The Greeks distinguished between those things that have psyche and those things that do not have psyche. Psyche, of course, would later become “soul”. Psyche refers to a principle of motion things contain within themselves. If a rock lacks psyche, then this is because it is unable to move itself. Rather, the rock relies on something else to move it. If, by contrast, plants have psyche then this is because they grow of their own accord. Likewise, animals have psyche because they both grow, but also have appetite, mobility, and perception. Finally, humans have psyche because they grow, have appetite, mobility, perception, and reason or the capacity to direct themselves. In a strange passage in “The Letter to Menoeceus“, Epicurus will say that we know the gods exist because we can see them. No doubt he is referring to the planets, known in Greek as asteres planetai or “astral wanderers”. In their wandering throughout the night sky, the planets suggested living beings, because random movement, as we know from our cats and children, is suggestive of the presence of psyche. Objects without psyche, it will be said, are passive entities, whereas those with psyche are active entities.
This is such a strange position to advocate, especially in an atomic age where we now know that objects of all kinds are swarming with movement.

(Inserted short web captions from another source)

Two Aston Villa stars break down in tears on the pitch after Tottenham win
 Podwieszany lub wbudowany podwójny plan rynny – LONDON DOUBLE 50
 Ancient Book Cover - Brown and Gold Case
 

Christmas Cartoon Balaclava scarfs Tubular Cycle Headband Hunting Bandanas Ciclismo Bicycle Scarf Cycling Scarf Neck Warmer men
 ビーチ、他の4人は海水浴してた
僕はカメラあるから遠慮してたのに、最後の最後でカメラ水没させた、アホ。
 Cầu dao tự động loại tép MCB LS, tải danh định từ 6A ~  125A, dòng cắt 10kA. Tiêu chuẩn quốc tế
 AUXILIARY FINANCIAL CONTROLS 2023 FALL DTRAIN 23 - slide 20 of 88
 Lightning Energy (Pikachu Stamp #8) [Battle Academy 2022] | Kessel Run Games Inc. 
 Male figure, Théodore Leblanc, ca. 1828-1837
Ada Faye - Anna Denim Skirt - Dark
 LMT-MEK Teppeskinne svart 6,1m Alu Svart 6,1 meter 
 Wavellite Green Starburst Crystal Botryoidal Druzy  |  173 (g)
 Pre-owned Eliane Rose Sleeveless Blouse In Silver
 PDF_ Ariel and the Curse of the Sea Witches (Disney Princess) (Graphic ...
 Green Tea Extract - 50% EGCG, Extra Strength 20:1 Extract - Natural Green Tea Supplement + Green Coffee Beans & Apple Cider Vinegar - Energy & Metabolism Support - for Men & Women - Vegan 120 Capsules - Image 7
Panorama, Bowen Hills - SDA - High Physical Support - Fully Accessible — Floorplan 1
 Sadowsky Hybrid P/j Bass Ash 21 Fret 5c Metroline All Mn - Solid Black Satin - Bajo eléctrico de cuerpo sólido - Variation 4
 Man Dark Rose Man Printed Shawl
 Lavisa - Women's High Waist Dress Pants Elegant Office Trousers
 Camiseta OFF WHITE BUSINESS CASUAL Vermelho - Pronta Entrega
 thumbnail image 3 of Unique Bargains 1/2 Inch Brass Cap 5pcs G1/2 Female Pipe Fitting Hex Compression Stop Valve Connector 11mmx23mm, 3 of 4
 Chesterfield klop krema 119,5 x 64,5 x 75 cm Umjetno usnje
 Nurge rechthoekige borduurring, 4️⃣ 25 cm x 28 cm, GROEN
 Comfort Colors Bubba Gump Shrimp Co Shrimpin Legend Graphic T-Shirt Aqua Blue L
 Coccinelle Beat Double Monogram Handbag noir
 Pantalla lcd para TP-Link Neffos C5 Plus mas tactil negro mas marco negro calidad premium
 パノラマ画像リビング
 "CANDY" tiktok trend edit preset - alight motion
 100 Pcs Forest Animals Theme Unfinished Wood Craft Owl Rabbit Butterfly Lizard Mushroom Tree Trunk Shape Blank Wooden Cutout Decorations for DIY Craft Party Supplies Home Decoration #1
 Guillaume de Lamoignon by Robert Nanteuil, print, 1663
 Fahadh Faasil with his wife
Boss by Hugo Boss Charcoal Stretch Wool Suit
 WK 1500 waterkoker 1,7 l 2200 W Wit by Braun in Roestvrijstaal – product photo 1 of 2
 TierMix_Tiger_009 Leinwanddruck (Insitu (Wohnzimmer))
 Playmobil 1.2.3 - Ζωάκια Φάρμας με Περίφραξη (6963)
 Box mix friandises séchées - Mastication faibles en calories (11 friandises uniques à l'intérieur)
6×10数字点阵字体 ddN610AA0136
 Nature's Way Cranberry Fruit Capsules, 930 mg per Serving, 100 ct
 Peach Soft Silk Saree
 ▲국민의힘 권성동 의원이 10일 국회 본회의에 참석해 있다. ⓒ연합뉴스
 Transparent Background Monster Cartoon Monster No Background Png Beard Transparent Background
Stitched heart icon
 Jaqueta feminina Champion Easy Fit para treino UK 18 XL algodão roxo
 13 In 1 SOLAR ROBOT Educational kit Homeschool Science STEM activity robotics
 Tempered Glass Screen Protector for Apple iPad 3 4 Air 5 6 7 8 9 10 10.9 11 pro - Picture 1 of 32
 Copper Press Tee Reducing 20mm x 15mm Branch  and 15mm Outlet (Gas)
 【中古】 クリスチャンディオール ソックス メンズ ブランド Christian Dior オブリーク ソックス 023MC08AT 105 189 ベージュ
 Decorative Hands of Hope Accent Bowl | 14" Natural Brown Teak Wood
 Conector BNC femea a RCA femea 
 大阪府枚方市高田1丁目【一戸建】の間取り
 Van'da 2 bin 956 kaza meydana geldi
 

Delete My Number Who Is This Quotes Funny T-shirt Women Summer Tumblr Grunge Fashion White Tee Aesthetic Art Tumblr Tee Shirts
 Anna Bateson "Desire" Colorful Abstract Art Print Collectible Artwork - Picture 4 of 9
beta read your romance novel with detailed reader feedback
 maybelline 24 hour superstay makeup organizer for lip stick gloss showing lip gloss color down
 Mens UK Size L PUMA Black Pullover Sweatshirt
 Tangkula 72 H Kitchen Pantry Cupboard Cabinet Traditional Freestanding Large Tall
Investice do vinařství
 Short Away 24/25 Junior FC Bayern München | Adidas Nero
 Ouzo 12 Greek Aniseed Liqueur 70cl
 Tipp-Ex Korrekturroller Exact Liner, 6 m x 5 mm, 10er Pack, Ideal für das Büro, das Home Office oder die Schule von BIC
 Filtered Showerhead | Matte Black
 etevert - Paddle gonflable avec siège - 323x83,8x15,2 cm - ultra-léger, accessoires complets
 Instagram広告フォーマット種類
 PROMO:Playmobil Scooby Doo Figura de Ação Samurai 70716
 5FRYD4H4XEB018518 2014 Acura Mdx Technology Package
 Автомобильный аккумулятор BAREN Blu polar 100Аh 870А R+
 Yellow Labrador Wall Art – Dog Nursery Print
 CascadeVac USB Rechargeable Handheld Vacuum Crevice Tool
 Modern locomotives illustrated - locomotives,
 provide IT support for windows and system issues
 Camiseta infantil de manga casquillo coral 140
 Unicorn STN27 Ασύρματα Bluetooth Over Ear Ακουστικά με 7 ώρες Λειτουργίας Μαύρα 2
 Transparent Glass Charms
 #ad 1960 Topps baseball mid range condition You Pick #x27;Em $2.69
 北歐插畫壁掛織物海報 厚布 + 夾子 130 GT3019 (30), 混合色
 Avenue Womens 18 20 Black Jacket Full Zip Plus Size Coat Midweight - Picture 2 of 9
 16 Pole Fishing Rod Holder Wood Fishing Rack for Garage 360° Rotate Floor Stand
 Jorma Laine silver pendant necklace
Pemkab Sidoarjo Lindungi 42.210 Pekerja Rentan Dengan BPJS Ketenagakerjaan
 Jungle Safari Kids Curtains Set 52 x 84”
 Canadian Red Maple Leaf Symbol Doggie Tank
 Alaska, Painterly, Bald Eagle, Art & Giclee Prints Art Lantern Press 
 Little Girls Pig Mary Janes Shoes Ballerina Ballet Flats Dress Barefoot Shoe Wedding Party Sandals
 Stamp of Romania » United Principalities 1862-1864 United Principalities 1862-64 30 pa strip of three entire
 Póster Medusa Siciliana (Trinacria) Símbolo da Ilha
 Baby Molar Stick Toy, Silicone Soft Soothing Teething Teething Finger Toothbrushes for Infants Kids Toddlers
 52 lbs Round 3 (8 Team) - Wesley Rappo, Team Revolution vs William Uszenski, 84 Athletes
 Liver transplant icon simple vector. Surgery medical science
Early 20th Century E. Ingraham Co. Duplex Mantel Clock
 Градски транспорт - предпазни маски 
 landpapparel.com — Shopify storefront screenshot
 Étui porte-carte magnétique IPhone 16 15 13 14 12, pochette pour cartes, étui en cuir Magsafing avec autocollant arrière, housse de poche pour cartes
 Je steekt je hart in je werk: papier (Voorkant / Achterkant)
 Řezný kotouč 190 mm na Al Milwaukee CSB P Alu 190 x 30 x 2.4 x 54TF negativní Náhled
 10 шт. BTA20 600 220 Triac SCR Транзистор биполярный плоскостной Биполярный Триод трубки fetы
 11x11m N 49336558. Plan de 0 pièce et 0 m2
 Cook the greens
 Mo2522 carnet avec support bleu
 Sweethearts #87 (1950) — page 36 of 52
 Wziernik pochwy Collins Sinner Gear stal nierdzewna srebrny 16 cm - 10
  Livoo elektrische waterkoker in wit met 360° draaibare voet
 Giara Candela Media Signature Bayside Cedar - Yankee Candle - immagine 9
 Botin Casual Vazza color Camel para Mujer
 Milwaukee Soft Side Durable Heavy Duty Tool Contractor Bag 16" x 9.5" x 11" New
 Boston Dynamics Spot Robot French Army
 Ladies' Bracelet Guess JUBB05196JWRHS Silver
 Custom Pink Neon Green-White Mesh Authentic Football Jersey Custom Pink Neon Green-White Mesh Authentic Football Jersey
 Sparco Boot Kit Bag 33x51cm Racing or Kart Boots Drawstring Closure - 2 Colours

Even Lucretius had the good sense to notice that this distinction had to be based on a form of folk ontology. As Lucretius writes in a remarkable passage from De Rerum Natura,
Herein wonder not
How ’tis that, while the seeds of things are all
Moving forever, the sum yet seems to stand
Supremely still, except in cases where
A thing shows motion of its frame as whole.
For far beneath the ken of senses lies
The nature of those ultimates of the world;
And so, since those themselves thou canst not see,
Their motion also must they veil from men-
For mark, indeed, how things we can see, oft
Yet hide their motions, when afar from us
Along the distant landscape. Often thus,
Upon a hillside will the woolly flocks
Be cropping their goodly food and creeping about
Whither the summons of the grass, begemmed
With the fresh dew, is calling, and the lambs
Well filled, are frisking, locking horns in sport:
Yet all for us seem blurred and blent afar-
A glint of white at rest on a green hill. (Book II)
From afar, notes Lucretius, the sheep look as if they are not moving at all. But were we to closely approach them, we would discover that they are frolicking about, taking little nips of dewy grass and playfully dancing about with one another. And so it is, argues Lucretius, with all objects. Although the rock over there appears to sit still, it is in a constant state of motion or activity. Spoken like a true onticologist! The important difference here would be that where for Lucretius there are ultimate and indivisible units (the famous atoms), for OOO there are no final units. It’s turtles all the way down without any primordial turtles.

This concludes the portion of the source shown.